◆ **EXERCISE**
Everything from the line with "Blooming Festive Grand Round Fruit Box" down to the line with "Sommier à lattes" below must be printed exactly, those two lines included. Exclude pictures.

◆ **RECORDS PROVIDED**
┄┄┄┄┄┄┄┄┄┄┄┄┄┄┄┄┄┄┄┄
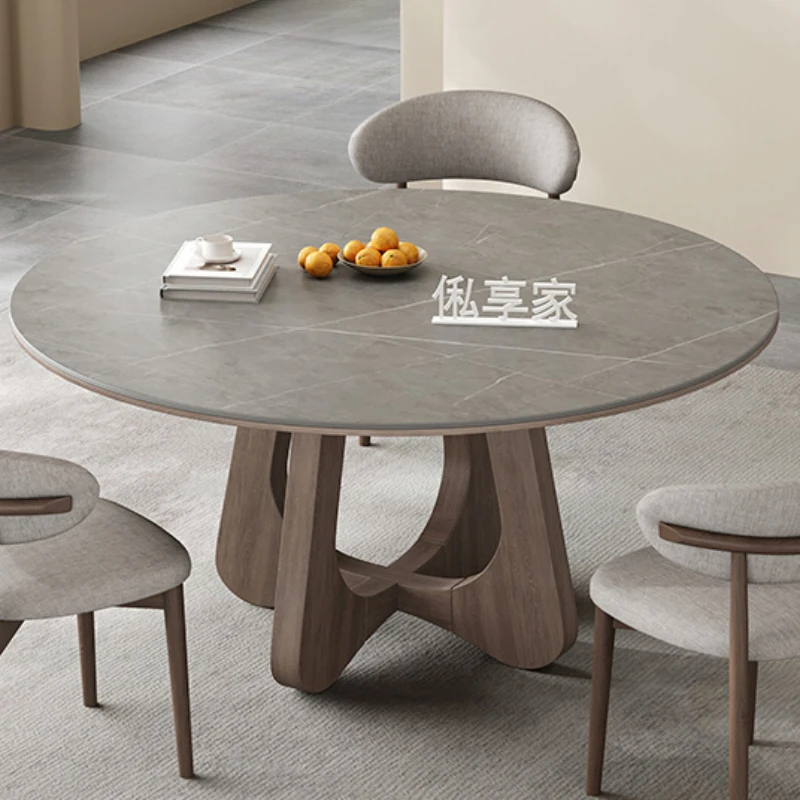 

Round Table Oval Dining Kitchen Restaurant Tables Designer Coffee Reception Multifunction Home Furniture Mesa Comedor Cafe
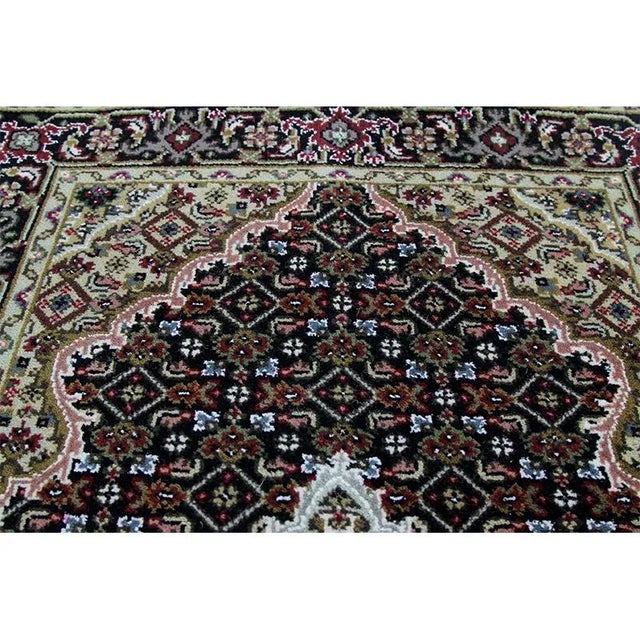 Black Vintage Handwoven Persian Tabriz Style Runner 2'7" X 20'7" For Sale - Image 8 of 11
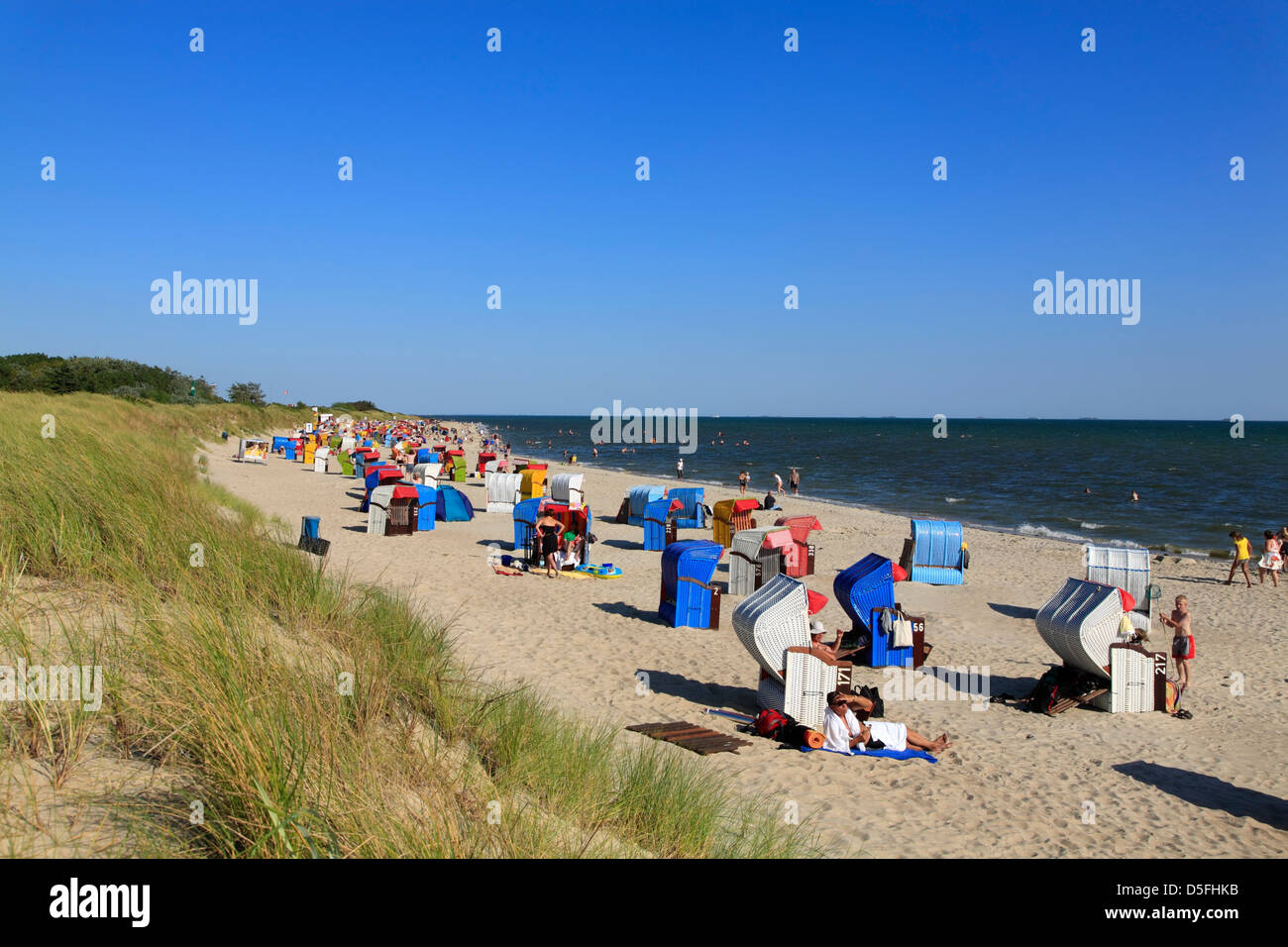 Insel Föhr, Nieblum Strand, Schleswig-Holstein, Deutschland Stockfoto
┄┄┄┄┄┄┄┄┄┄┄┄┄┄┄┄┄┄┄┄
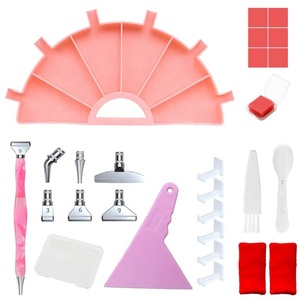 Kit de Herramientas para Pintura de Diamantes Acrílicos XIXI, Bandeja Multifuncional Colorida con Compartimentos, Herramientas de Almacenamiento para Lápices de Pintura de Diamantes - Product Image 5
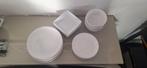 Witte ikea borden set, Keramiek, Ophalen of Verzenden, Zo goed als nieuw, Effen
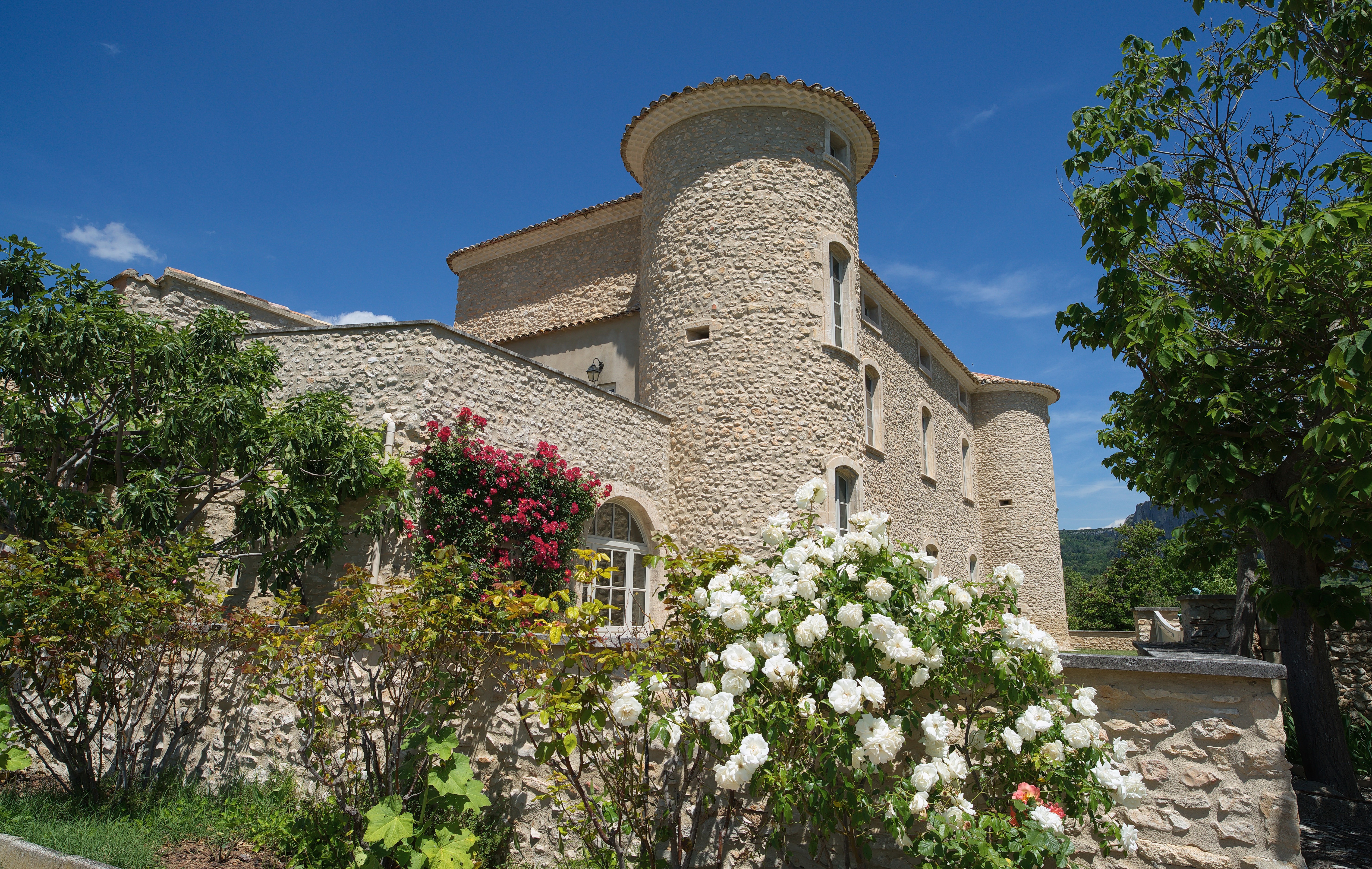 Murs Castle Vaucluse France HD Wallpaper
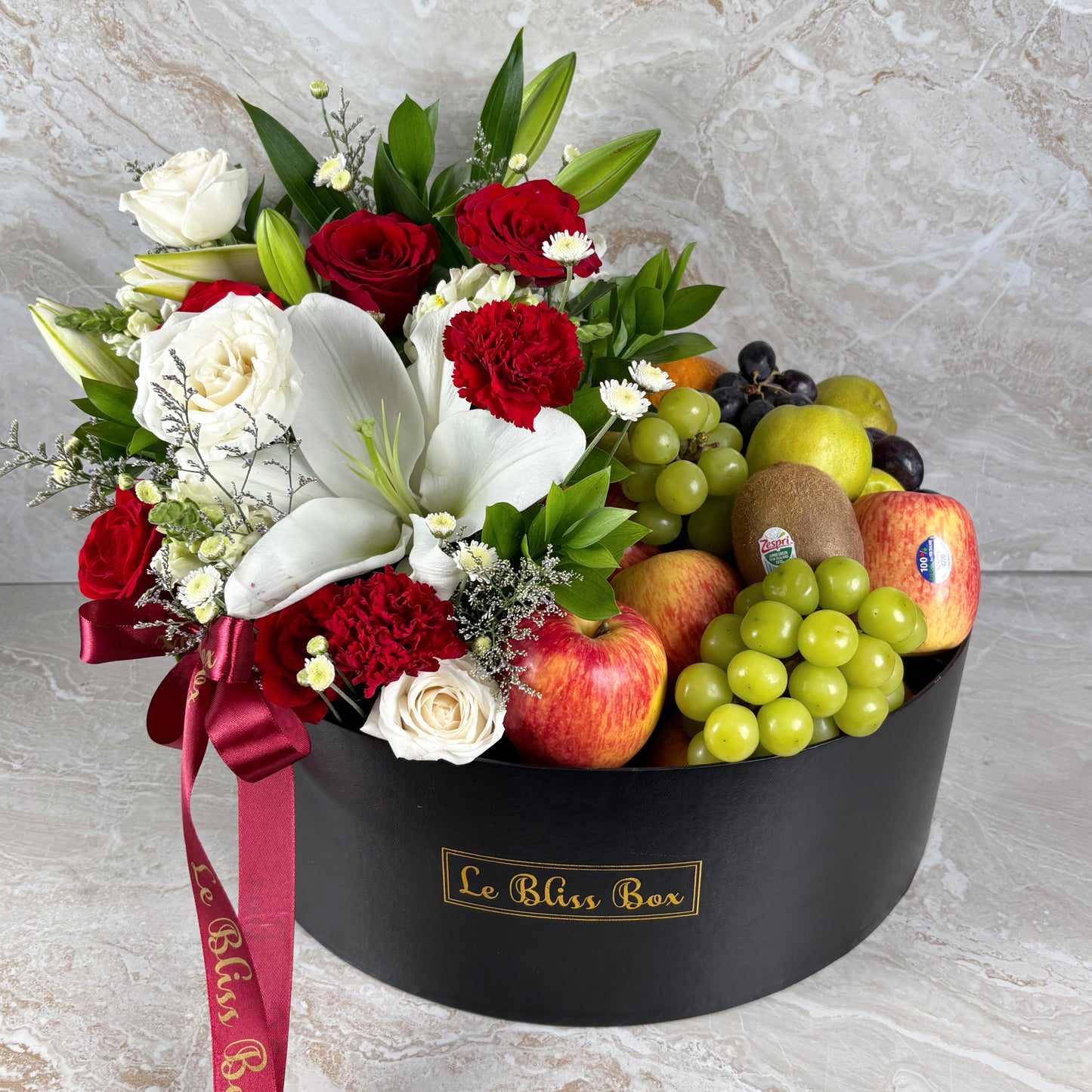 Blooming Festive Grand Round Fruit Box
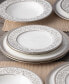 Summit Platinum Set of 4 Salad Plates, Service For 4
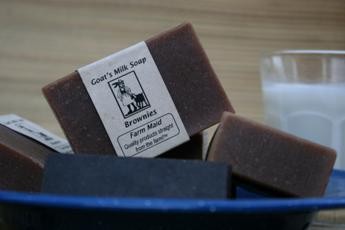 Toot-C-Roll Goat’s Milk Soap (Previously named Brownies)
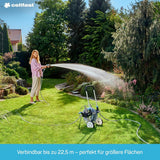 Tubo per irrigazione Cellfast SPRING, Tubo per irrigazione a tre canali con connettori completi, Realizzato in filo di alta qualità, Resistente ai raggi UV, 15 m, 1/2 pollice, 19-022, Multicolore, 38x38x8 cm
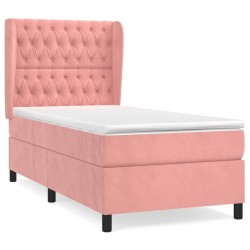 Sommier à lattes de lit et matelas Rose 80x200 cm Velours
┄┄┄┄┄┄┄┄┄┄┄┄┄┄┄┄┄┄┄┄
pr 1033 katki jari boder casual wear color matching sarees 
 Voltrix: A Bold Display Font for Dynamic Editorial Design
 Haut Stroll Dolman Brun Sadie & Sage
┄┄┄┄┄┄┄┄┄┄┄┄┄┄┄┄┄┄┄┄
◆ **RESULT FOR THIS EXERCISE**
 Blooming Festive Grand Round Fruit Box
 Summit Platinum Set of 4 Salad Plates, Service For 4
 Toot-C-Roll Goat’s Milk Soap (Previously named Brownies)
 Tubo per irrigazione Cellfast SPRING, Tubo per irrigazione a tre canali con connettori completi, Realizzato in filo di alta qualità, Resistente ai raggi UV, 15 m, 1/2 pollice, 19-022, Multicolore, 38x38x8 cm
 Sommier à lattes de lit et matelas Rose 80x200 cm Velours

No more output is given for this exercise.